Because it had shown considerable sensitivity and moderate specificity to brain damage in the clinical population, we decided to use the same concurrent discrimination task to study possible learning and memory deficits in healthy normal individuals. To our knowledge, this is the first cross-sectional study to use this task to investigate age differences in initial acquisition versus generalization. Although previous studies have compared learning across different age groups using incrementally acquired learning tasks and tasks such as the Wisconsin Card Sorting Test, comparisons are usually between younger adults and older adults (Fera et al., 2005; Daigneault, Braun, Whitaker 1992; Head et al., 2009; Haaland, Vranes, Goodwin Garry 1987; Boone, Ghaffarian, Lesser, and Hill-Gutierrez (1993). Again, earlier studies of older adults have focused mainly on those older than 60. By contrast, our study of learning and generalization processes included healthy individuals aged 45–90.

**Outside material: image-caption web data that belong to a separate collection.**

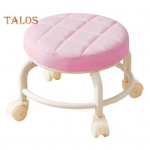 Madalalt veerev taburet 360 kraadi p&ouml;&ouml;rlevate ratastega, kunstnahast pehmendusega rulliste metalljalgadega Raske p&ouml;&ouml;rleva istme tool roosa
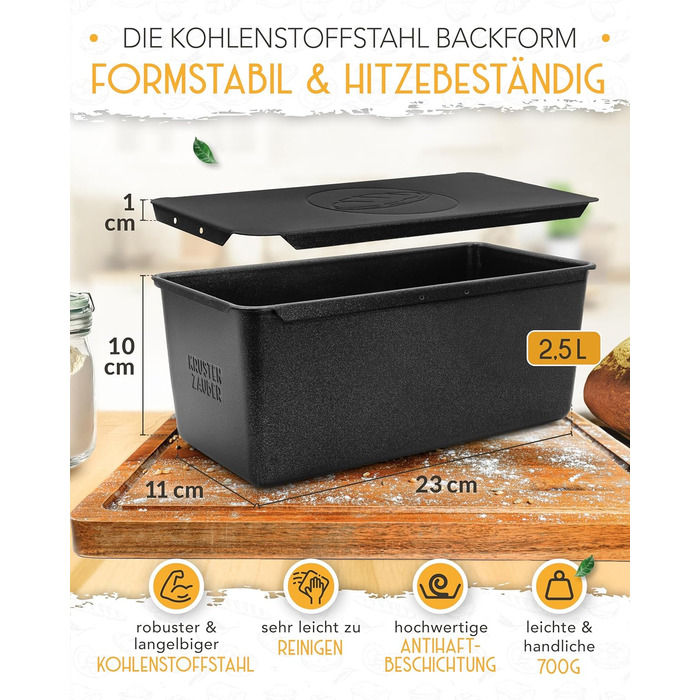 Форма для випікання хліба з кришкою та кошиком для підйому тіста - Robuste 28см, чавун. Ідеальна для випікання хліба, тостів, кексів. Чавунний горщик для випікання хліба, форма для хліба, аксесуари для випікання.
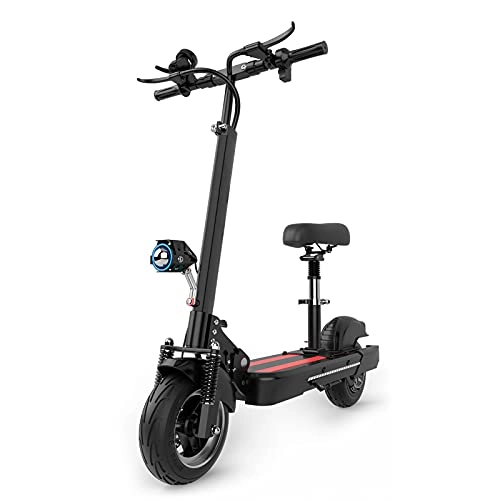 Electric Scooter : QQLK 500W Mini E Scooter with Seat, Folding Electric Scooter for Adults, Dual Drive, Color LCD, Hydraulic Shock Absorption, Up to 45 km / h, 60KM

We expected to see age-related deficits in initial learning, consistent with our prior studies (Myers et al., 2002; Shohamy et al., 2006). In our previous study, we used the same task in a small sample of 34 people with mild cognitive impairment and hippocampal atrophy (Myers, Kluger, et al., 2002). In the current study, we tested the performance on the learning and generalization task in a larger sample of healthy older participants, none of whom had mild cognitive impairment. The critical question was whether we would find a pattern of age differences between the younger and older groups for learning, but not generalization.

METHODS

Participants

We recruited 61 volunteers from a group of healthy adults taking a continuing education class in memory at the Academy of Lifelong Learning, University of Delaware, Newark. We recruited an additional 19 volunteers from 2 sources: the Memory Disorders Project at Rutgers-Newark and Eastern Mennonite University. We paid the Delaware and Rutgers volunteers $20 per hour for their time, and covered their transportation costs; the Eastern Mennonite University volunteers received class credit for participating. All 80 participants were between 45 and 90 y old and were fluent English speakers.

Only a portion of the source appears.